PROBLEM:
Print the lines in the listing below that fall between the line with "Koori No Reijou" and the line with "21st Floor 1", those two lines included, exactly as they stand and with nothing else.

AVAILABLE DATA:
——
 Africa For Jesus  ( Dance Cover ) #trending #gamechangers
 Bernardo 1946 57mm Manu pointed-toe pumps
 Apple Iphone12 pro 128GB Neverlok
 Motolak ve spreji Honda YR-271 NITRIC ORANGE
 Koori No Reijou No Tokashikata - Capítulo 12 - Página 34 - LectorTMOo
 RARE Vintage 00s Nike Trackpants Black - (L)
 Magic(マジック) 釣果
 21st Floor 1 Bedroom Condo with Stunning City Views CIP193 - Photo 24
——
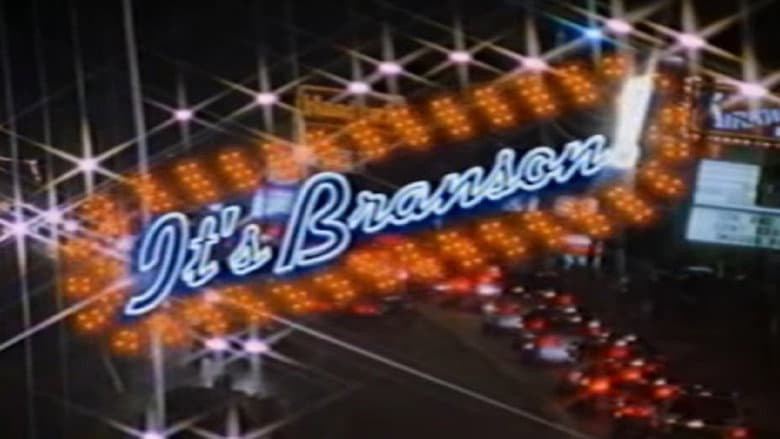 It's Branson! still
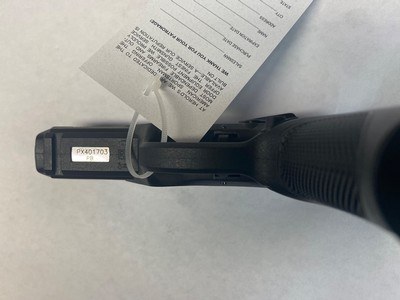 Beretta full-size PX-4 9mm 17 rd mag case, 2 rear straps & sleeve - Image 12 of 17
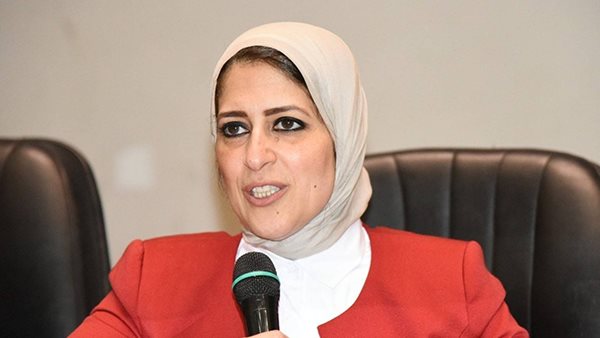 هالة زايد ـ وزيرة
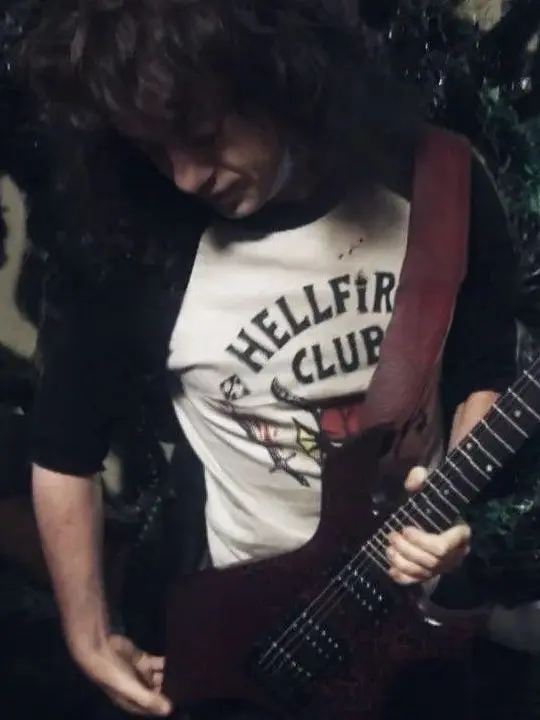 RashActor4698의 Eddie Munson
——
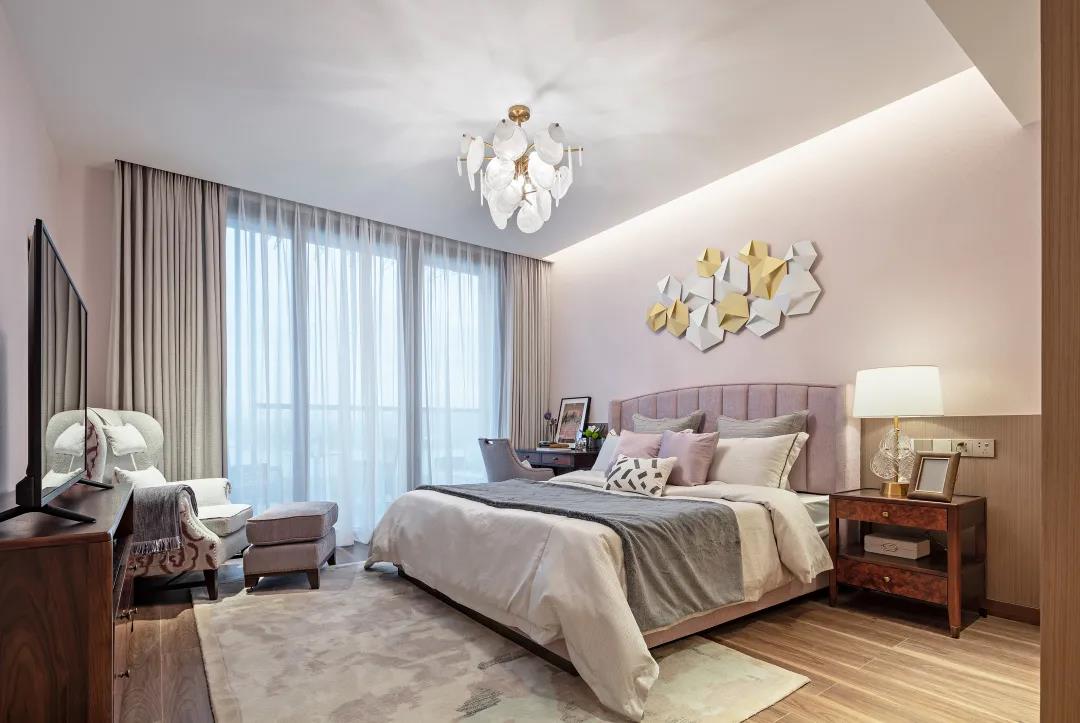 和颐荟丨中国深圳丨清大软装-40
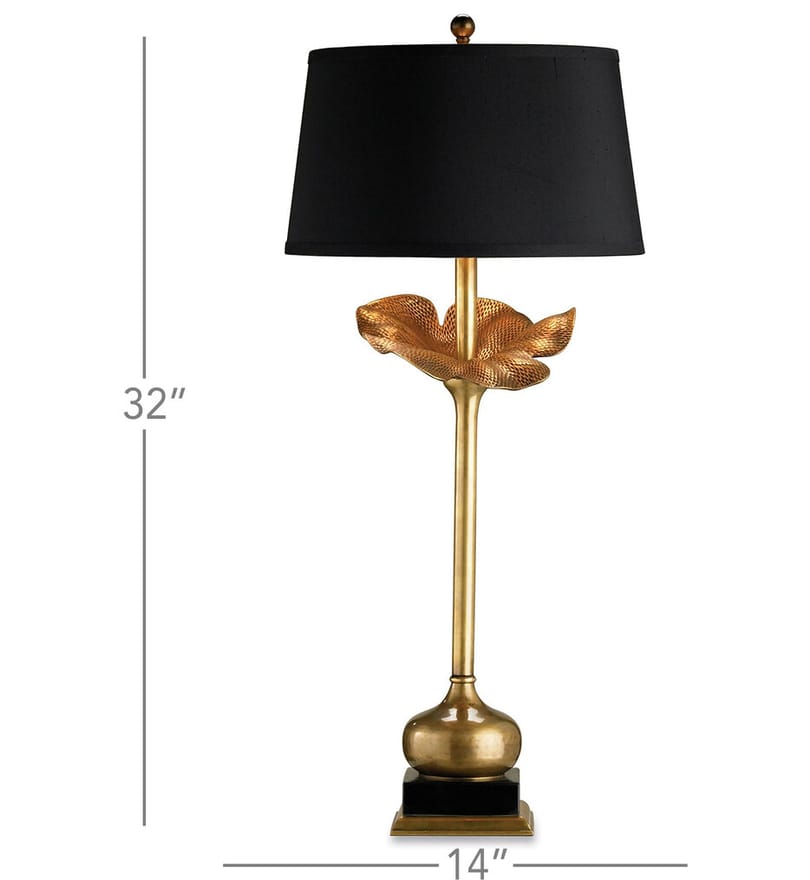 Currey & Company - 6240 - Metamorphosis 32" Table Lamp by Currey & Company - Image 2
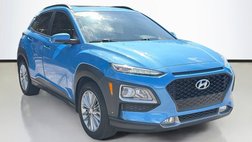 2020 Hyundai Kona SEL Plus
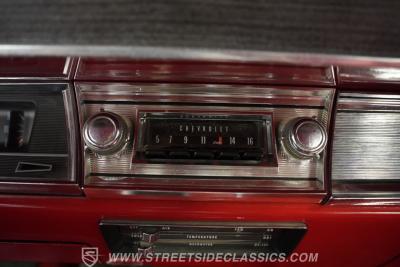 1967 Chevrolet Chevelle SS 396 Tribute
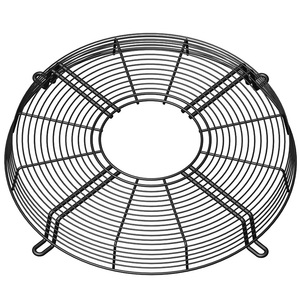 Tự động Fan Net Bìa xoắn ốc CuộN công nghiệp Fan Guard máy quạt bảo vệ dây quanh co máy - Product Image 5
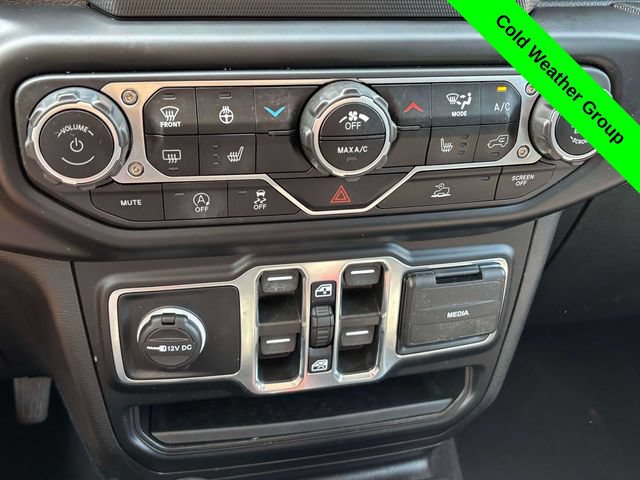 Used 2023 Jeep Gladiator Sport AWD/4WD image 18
——
THE ANSWER:
 Koori No Reijou No Tokashikata - Capítulo 12 - Página 34 - LectorTMOo
 RARE Vintage 00s Nike Trackpants Black - (L)
 Magic(マジック) 釣果
 21st Floor 1 Bedroom Condo with Stunning City Views CIP193 - Photo 24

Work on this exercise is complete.